The challenges facing the domestic economy are becoming far removed from those of the majority of our northern hemisphere counterparts.
Interest rates well above almost all of the other developed nations are seeing Australia suck in capital from foreign investors desperate for return in a world not offering much.
An overdose of Chinese stimulus has ensured commodities remain flavour of the month and the Australian dollar remains a solid barometer of our relative good health.
Together with an unemployment rate that has barely budged from its lows, and an extremely buoyant outlook for investment in the mining and energy sector, things are looking pretty good. Unless you’re Glenn Stevens, that is.
The key intermediary gainfully employing this wall of foreign capital is the banking sector. Of greatest concern at present is the fact that almost all of it is being applied in the housing sector, while the corporate sector is almost stagnant.
Having been pillaged at the hands of major banks recently, corporates’ reluctance to embrace the newfound friendliness of their local institutional banker is unsurprising (we can’t all have the fortitude of Monty Python’s Black Knight).
In any case, with the financial floodgates open, and corporates still cautious, indomitable Australian homebuyers are again happily filling the breach.
The homebuyers are using foreign borrowings to prop up our house prices, urged on by commentators adamant that it’s a supply-demand imbalance that’s driving prices.
Well as far as I’m concerned, that is one load of utter tripe.
With population growth of 1.5 per cent, that’s about 300,000 people a year that need somewhere to live, and probably accounts for demand of 100,000 homes or so.
Depending on how you cut the assumptions, the dominant one being the assumption about the trend in the number of people living in each household, you can come up with a rationale for housing being in short supply — perhaps by 20,000 homes.
Although I disagree with extrapolating a perpetual decline in the number of people per household, my biggest problem is the use of this apparent housing shortage as the reason for the other seven million homes needing to perpetually rise in price.
Supposedly, all we need to do is free up some more land and the problem will be fixed.
Rubbish. Why is it that these incremental buyers (presumably first homebuyers and immigrants) force up prices in Vaucluse, Toorak and Peppermint Grove at rates faster than Sydney’s outer west?
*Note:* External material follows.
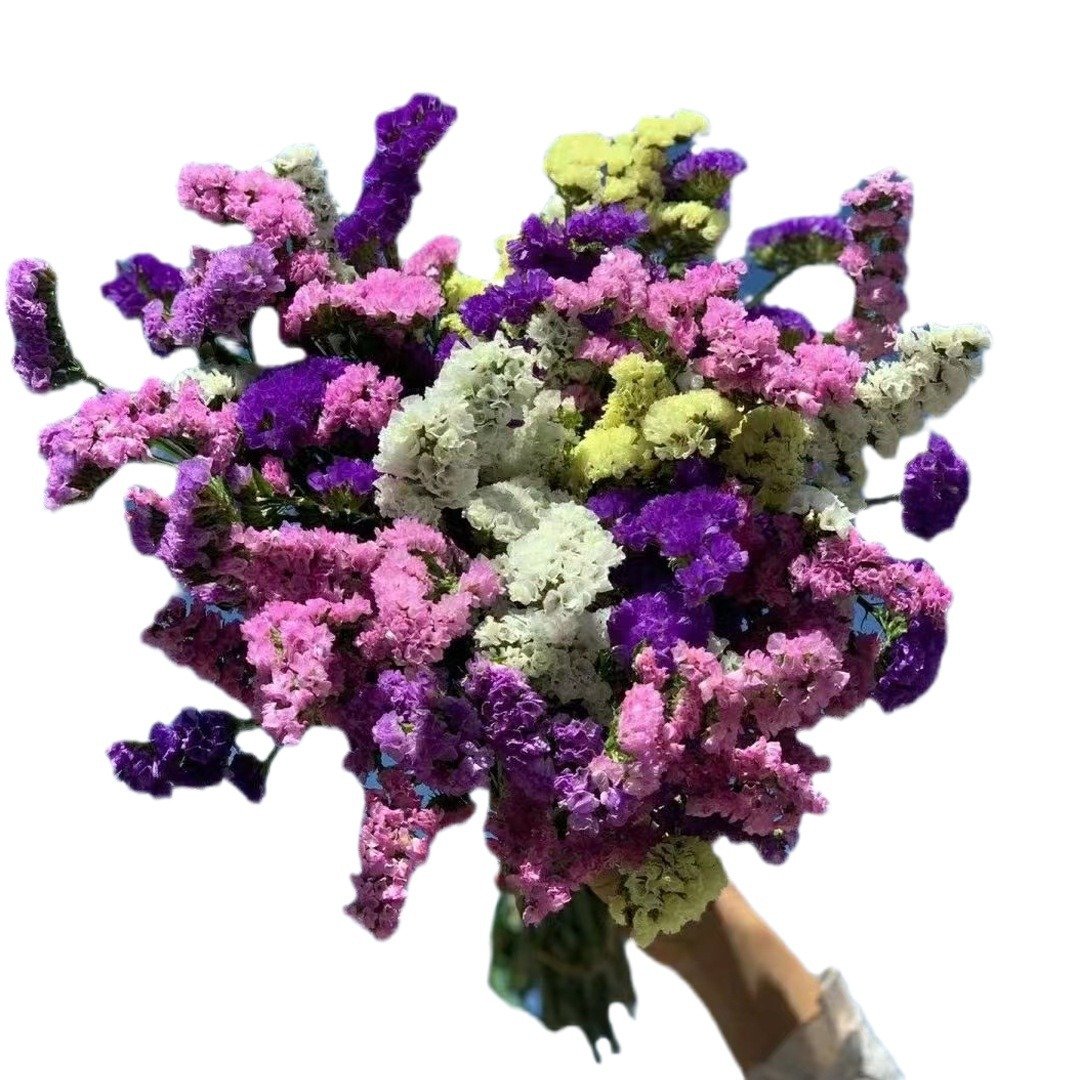 Preserved Flower Bouquet Myosotis Sylvatica Flowers Living Room Decoration Diy Material Dried Flowers For Home Decoration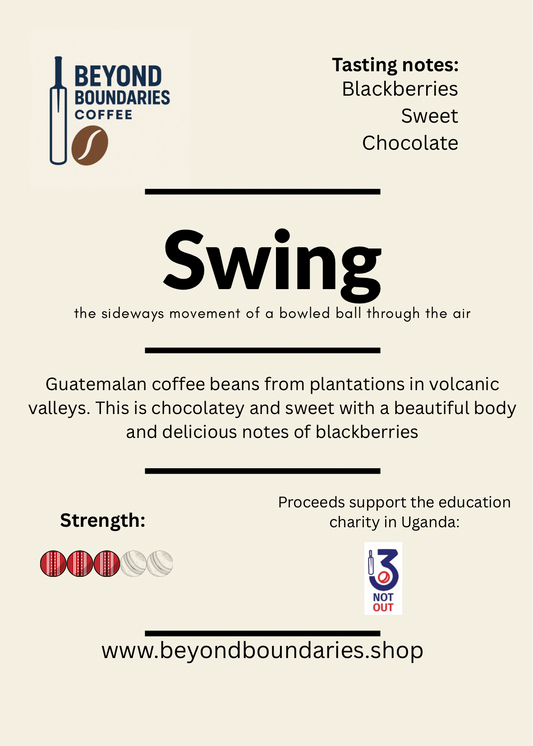 Swing 1kg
I look forward to picking up a cheap harbourside home as the exodus from Mosman and Vaucluse instigated by land release in the outer west begins to decimate prices.
If the credit taps were turned off for housing, I am very comfortable predicting that house prices would stop rising, regardless of an apparent shortage.
Unfortunately, it is an integral part of the psyche of Australians to believe that house prices will rise in perpetuity.
This psyche also permeates the behaviour of banks, which have a history of strong volume growth and profitability, negligible bad debts and minimal capital requirements against housing.
All this ensures that diffidence is not an attribute that features very strongly among home lenders.
Why worry about the borrower’s ability to repay a loan when you can’t lose on the asset anyway?
It is the extreme reticence to learn lessons from offshore experiences, along with the continuing unproductive use of capital, which remains our main cause of concern in what is otherwise a bright picture.
It is also the reason that we would urge caution in the longer term on businesses that depend on this constant price appreciation to support profits.
The relative calm in equity markets that prevailed over the quarter should not, in our view, induce undue complacency.
The fact that volatility has dissipated is again likely to be a misleading sign of what is happening to underlying risk.
Although the luxury of strong employment and booming commodity prices makes life in Australia a relative paradise at present, valuations do not offer the same margin of safety as was the case this time last year.
We would suggest the time to ‘bet the house’ on commodities is well passed and as the rewards for taking risks diminish, we will continue to act accordingly, by reducing, rather than increasing our exposure to risk.
As is always the case in markets, we’re sure we’ll get another chance to increase our risk appetite in the future when it makes more sense.
Martin Conlon is head of Australian equities at Schroders Investment Management Australia Limited.